A un âge où ils ont énormément de questions et d'inquiétudes par rapport aux relations sexuelles, "comme personne ne leur dit rien",  ajoute Justine Atlan, "comme ils n'ont aucune information, la seule chose qu'ils trouvent et qui leur est proposée, ce sont souvent les contenus pornographiques."

Pour la directrice générale de l’association E-enfance, la pornographie met en avant "des mises en scène très spécifiques, avec plein de choses totalement fausses, qui sont maquillées, transformées, avec des trucages, avec parfois un manque de consentement des acteurs ou surtout des actrices".

Pour Justine Atlan tout ceci est dangereux pour les adolescents qui vont avoir tendance à prendre cela pour un mode d'emploi "parce que cela va inciter les garçons comme les filles" ajoute-t-elle, "à avoir des comportements dans des relations sexuelles qui sont censées être faites par envie, par désir personnel, par consentement, par volonté d'échange, en répétant des choses qu'ils ont vues et qui sont tout sauf la réalité."

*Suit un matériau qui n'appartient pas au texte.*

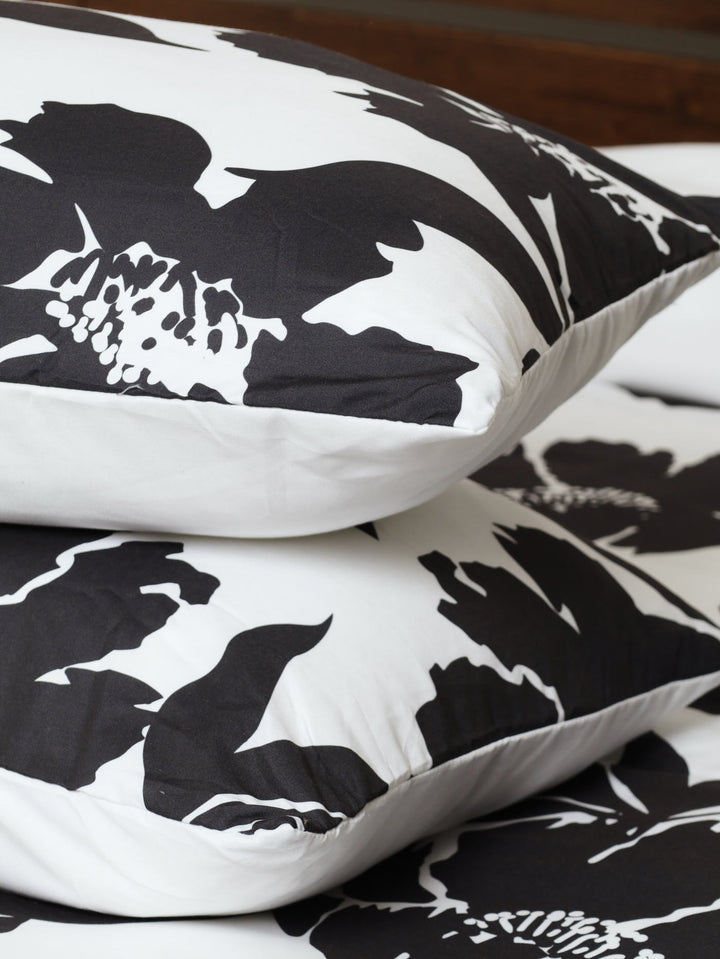 Black Floral Microfibre Duvet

Ajoutons que l'Assemblée nationale a donné, le 18 janvier, un feu vert unanime en première lecture à un texte facilitant le recours au contrôle parental sur les objets connectés, avec entre autres pour objectif de protéger les mineurs face à la pornographie. Il existe, par ailleurs, un site internet, à destination des parents et plus globalement des adultes, consacré à la protection des mineurs contre la pornographie en ligne.